■ WHAT YOU SHOULD DO:
Look through the entries below and show every line containing the word "Bedrooms".

■ MATERIAL FOR THIS TASK:

--------------------

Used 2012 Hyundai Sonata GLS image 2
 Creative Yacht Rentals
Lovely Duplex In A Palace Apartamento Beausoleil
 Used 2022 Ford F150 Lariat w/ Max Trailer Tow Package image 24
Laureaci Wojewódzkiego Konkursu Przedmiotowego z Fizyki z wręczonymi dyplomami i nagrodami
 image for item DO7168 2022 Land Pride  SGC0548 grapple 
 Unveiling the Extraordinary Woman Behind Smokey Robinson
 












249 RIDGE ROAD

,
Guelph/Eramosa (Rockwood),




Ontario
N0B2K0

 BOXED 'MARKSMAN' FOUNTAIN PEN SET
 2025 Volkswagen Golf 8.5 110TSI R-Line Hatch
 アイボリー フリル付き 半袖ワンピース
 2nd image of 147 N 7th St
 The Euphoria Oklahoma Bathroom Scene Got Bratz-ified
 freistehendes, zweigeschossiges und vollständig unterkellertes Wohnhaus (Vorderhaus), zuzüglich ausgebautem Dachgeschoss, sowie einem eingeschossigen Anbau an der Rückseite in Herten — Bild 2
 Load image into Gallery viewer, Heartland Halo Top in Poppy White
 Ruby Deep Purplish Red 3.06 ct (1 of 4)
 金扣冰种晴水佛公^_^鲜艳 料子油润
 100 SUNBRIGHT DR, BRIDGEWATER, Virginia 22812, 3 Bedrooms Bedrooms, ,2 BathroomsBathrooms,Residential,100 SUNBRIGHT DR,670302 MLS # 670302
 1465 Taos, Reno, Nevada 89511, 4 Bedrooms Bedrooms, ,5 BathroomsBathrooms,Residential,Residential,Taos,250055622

--------------------

■ EXERCISE RESULT:
 100 SUNBRIGHT DR, BRIDGEWATER, Virginia 22812, 3 Bedrooms Bedrooms, ,2 BathroomsBathrooms,Residential,100 SUNBRIGHT DR,670302 MLS # 670302
 1465 Taos, Reno, Nevada 89511, 4 Bedrooms Bedrooms, ,5 BathroomsBathrooms,Residential,Residential,Taos,250055622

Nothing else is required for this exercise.